The health of Prog or Post-Prog is nowhere better gauged than in the latest album by The Aurora Project, “Shadow Border” (The Laser’s Edge). It marks the band’s 10th anniversary. It does so with a flair. Aurora excel at the long form, the extended piece, the sprawl of sound where words and music join to create insular worlds to live in. The sound is vivid and live, a masterful production. Those responsible for the mixing, engineering and mastering of the end sound have done a great job. The music literally jumps out of your speakers.

It’s a dense musical foliage of thickly luxuriating guitar, keys, bass, drums and vocals worthy of the best of the classic practitioners in the style. And yet it goes beyond to create a sound the band most certainly has staked out as personal property. There’s nothing retro or derivative. It’s all Aurora 2009. Their practice of evolving each song from experimental jamming gives the final result a sort of natural epic flow that appeals to the ears and revives the idea that an album is more than a sequence of cuts that one can select from and chop up. The album is an wholly unified organic entity, and should not be treated as a “find the one or two good songs and skip the rest.” It’s all very good and it all belongs together. That’s both classic and also critically relevant to the music scene right now. Oh yes, I should also mention that electric guitar fans will be treated to some very interesting and aurally satisfying Rock soloing from Remco van den Berg.

I hope Aurora has great success with this one and goes back in the studio again soon. Give this one a hearing, by all means.

June 9, 2009—Either you love Smashing Pumpkins, you don’t, or you don’t know or care. Our survey of the archive.org free live concert series lands today on a Pumpkins concert from August 5, 2007, at the Pimlico Race Course in Baltimore. The two CDs that can be downloaded from these files may make up your mind about the band, or else you already know and that's cool too.

This is an audience recording, with an enthusiastic crowd that sings along loudly to their favorites, almost drowning out the lead vocals. It doesn’t seriously detract from the sound though. Miraculously, the audience is in pretty good voice! The recording has a nice ambiance, giving you a feel for the sheer power of the band from back in the seats. There is an occasional split second digital dropout that isn’t very troublesome. All in all, this provides you with a good sound picture of the band in top form. It isn’t a terribly bad way to introduce yourself to the group, or to get a live capsule of them two years ago. This night they show their hard sound, their more intimate sound, and some moments in between. A pretty impressive show.
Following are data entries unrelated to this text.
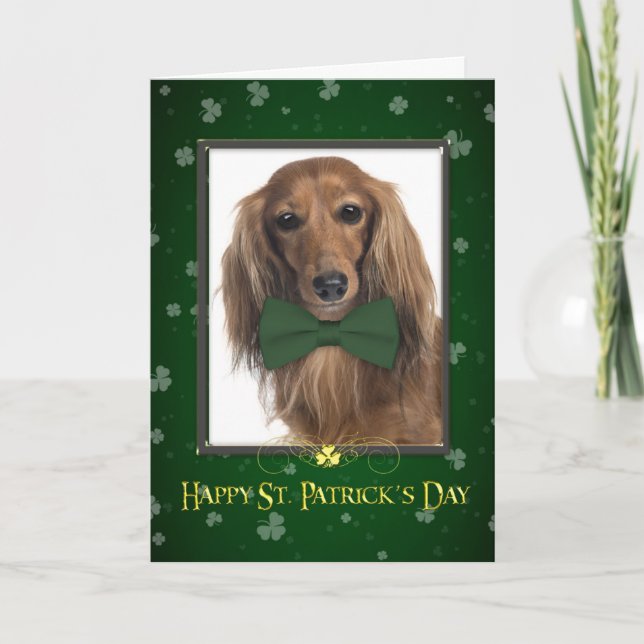 Dachshund St. Patrick's Day Card (Front)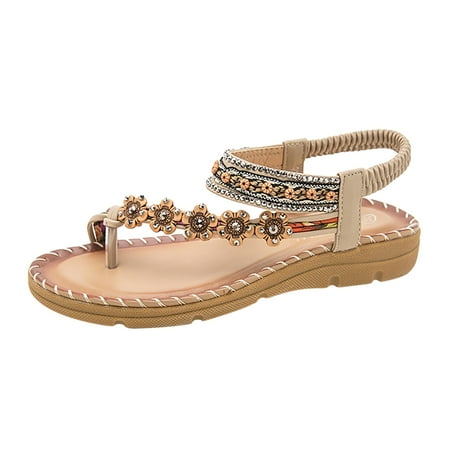 

Wiueurtly Beach Women s Shoes Breathable Flat Elastic Outdoor Band Toe Sandals Summer Open Women s sandals Floral Sandals for Women Flat Rose Slippers for Women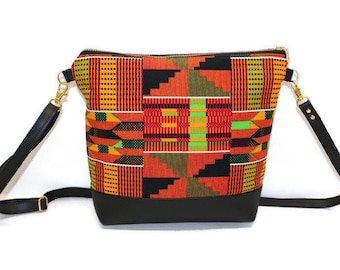 Bolsa tiracolo de tecido, bolsa tiracolo de tecido com couro, bolsa kente feita à mão, bolsa tiracolo pequena, bolsa com estampa africana e fecho de zíper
June 8, 2009—Guitarist Jake Hertzog is a 22 year old newbie just out of Berklee. One of the things that struck me as I looked at his CD [“Chromatosphere” (That’s Out Records)] was the shot of him on the back cover playing a solid-body guitar. Last Jazz guitarist I remember doing that was Joe Pass on a Gerald Wilson album in the late ‘50s. It’s been the usual for the Jazz plectrum man to play a “Jazz Box.” a rather thick semi-hollow electric. Now I’m sure there have been others to go with the solid, but it does tell you something of how the young man views tradition. He’s not a slave to it.

The album makes clear that Hertzog has listened closely to Pat Metheny. His playing and original tune crafting owes something to Metheny’s melodic contour shaping. On the other hand Hertzog improvises with a flair, with good technique, a Rock-Blues edge on occasion and a way with tone clusters, sometimes slightly dissonant interval voicings—they are two-note chords (sometimes more) and they fit comfortably into his improvisations as part of his expressive arsenal. He can also weave a line sequence filled with exotic, somewhat harmonically out passages (listen to “Monkey Stuff,” for example). These elements seem original to me; they never seem to be gimmicks or added-on showboat elements. You get a strong feeling that his playing is seriously directed toward an honest statement of where he is now, and that’s a pretty good place, for sure.

He’s a classy guitarist with good control over the sounds he invokes. The tunes run through the spectrum—a nod to tradition on “In Your Own Sweet Way,” a Fusion-for-today sound on “California Hills.” The trio-quartet setting is conducive to his style and all the players do a fine job fitting in. This is Mr. Hertzog’s show pretty much all the way, though, and that’s quite understandable.

Here is a guitarist to watch. The CD is a very nice listen and he could be on the way to breakout work. As it is he is one of those players that’s good to see coming onto the scene. Check him out.

June 5, 2009—A friend of mine was kind enough to present me with an earlier Tzadik Record that I might have missed. It’s from 2003 and features a guitar-bass-drums trio headed by Jon Madof. The title is “Rashanim.” Checking the Tzadik site, I see it’s the first of several, and that there’s a new one coming out. This one made me take notice from the opening strains straight through to the final notes.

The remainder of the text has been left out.